▶ [SUPPLIED INFORMATION]:
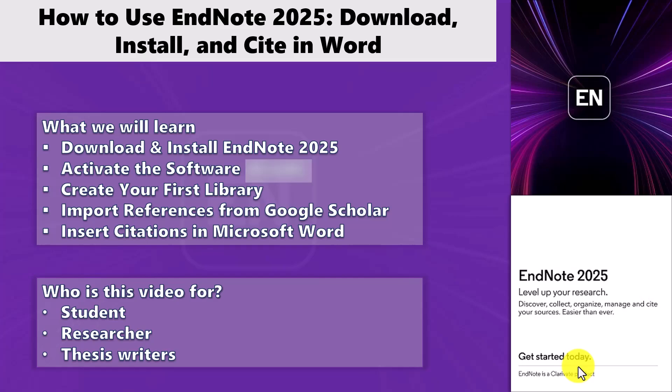Hello everyone, welcome to my channel. Here I share easy tutorials on tools that help with research, writing, proofreading, and data analysis, basically everything that makes academic work a bit easier.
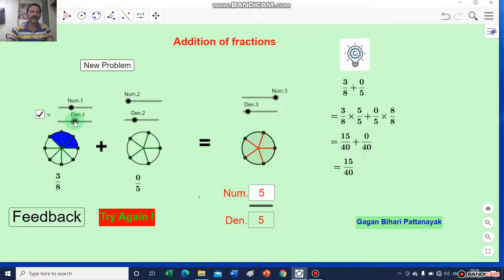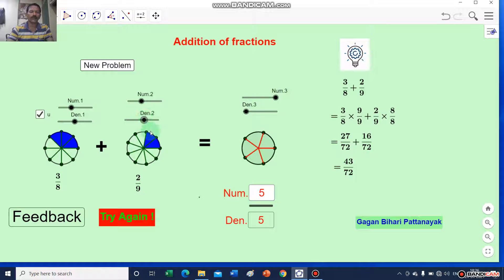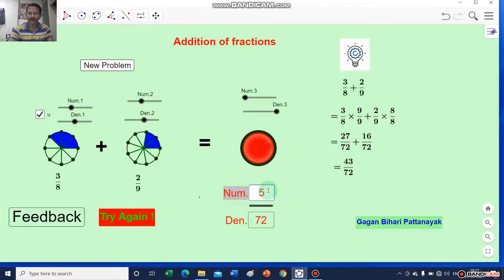Now I will change the numbers. This one is 3 by 7 and this number is 2 by 9, then the sum will be 43 divided by 72 — the denominator is 72 and the numerator is 43.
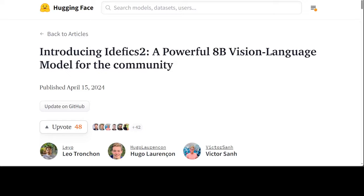Hugging Face is not just about the repository of large language models. Every now and then, they also dazzle us with one model or another. In this video, I am going to introduce you to their new model called idefics2. This is a powerful 8 billion parameter vision language model for the whole community.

▶ [WHAT THIS TASK INVOLVES]:
The copy should begin at the line containing "Now I will change" and end at the last line of the data above; please restate those lines word for word without the pictures.

▶ [SOLVED PROBLEM]:
Now I will change the numbers. This one is 3 by 7 and this number is 2 by 9, then the sum will be 43 divided by 72 — the denominator is 72 and the numerator is 43.
Hugging Face is not just about the repository of large language models. Every now and then, they also dazzle us with one model or another. In this video, I am going to introduce you to their new model called idefics2. This is a powerful 8 billion parameter vision language model for the whole community.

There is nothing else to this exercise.